Collected data -
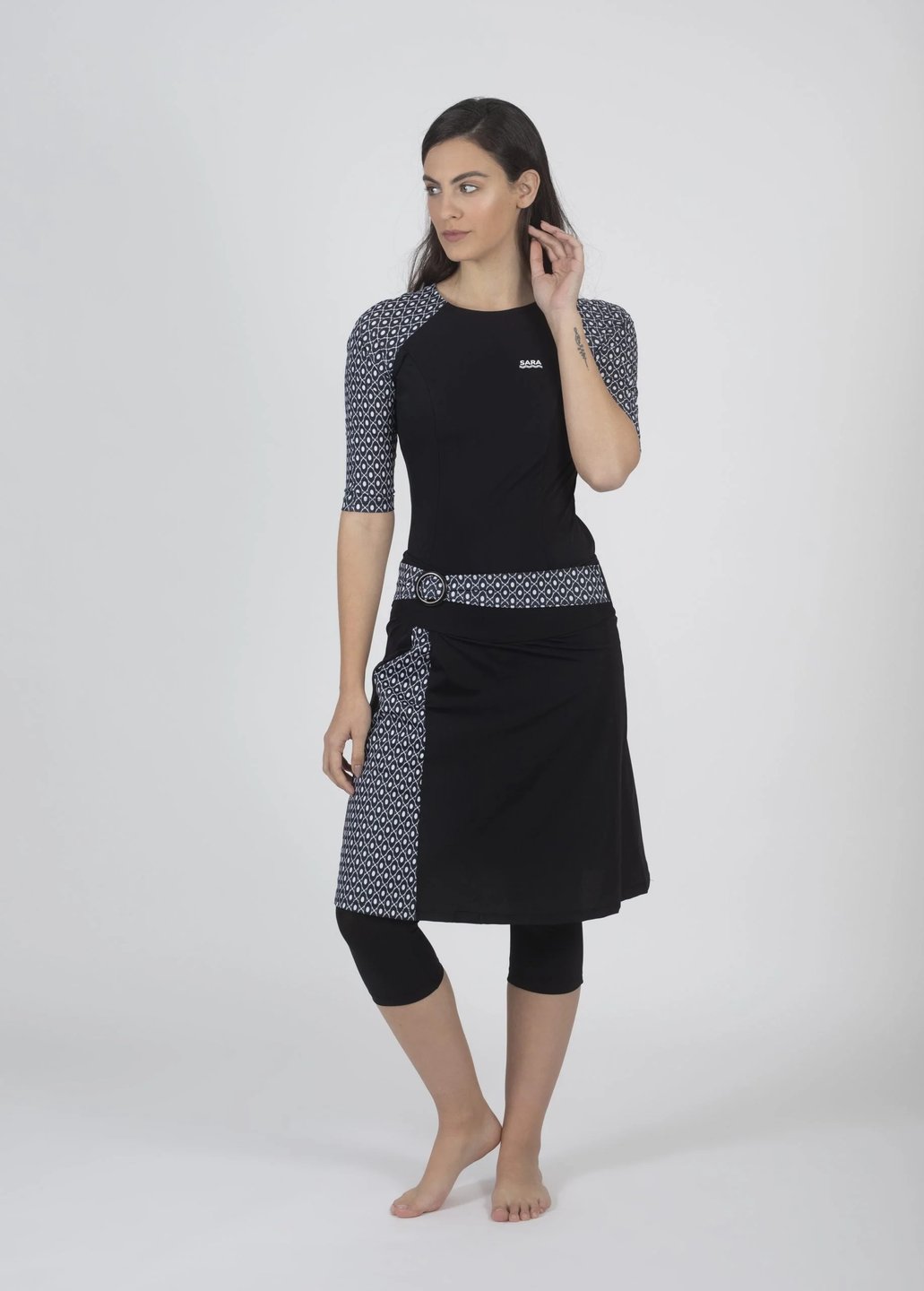 סט שחייה אבזם בשילוב שחור ולבן alternate view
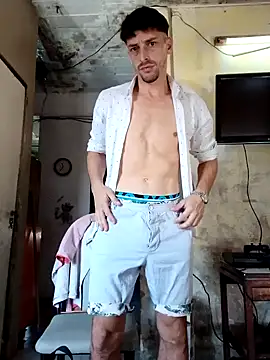 Snapshot of puak6666 chatting on January 30, 2:36 pm puak6666 online show from January 30, 2:36 pm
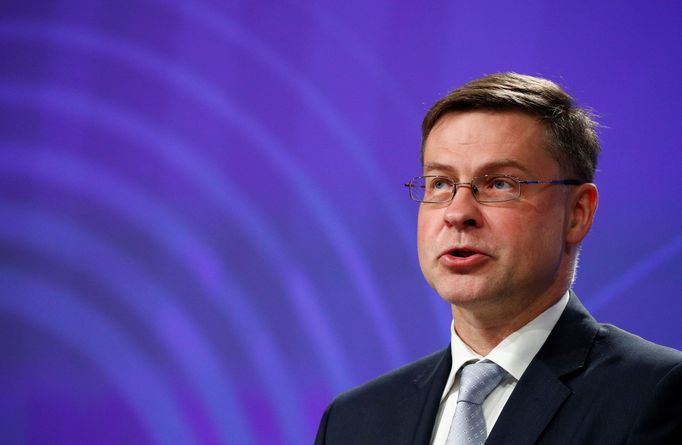 Eurokomisař pro euro a sociální dialog Valdis Dombrovskis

Exercise description -
Reprint the listing above verbatim but drop the images.

Solution for this exercise -
 סט שחייה אבזם בשילוב שחור ולבן alternate view
 Snapshot of puak6666 chatting on January 30, 2:36 pm puak6666 online show from January 30, 2:36 pm
 Eurokomisař pro euro a sociální dialog Valdis Dombrovskis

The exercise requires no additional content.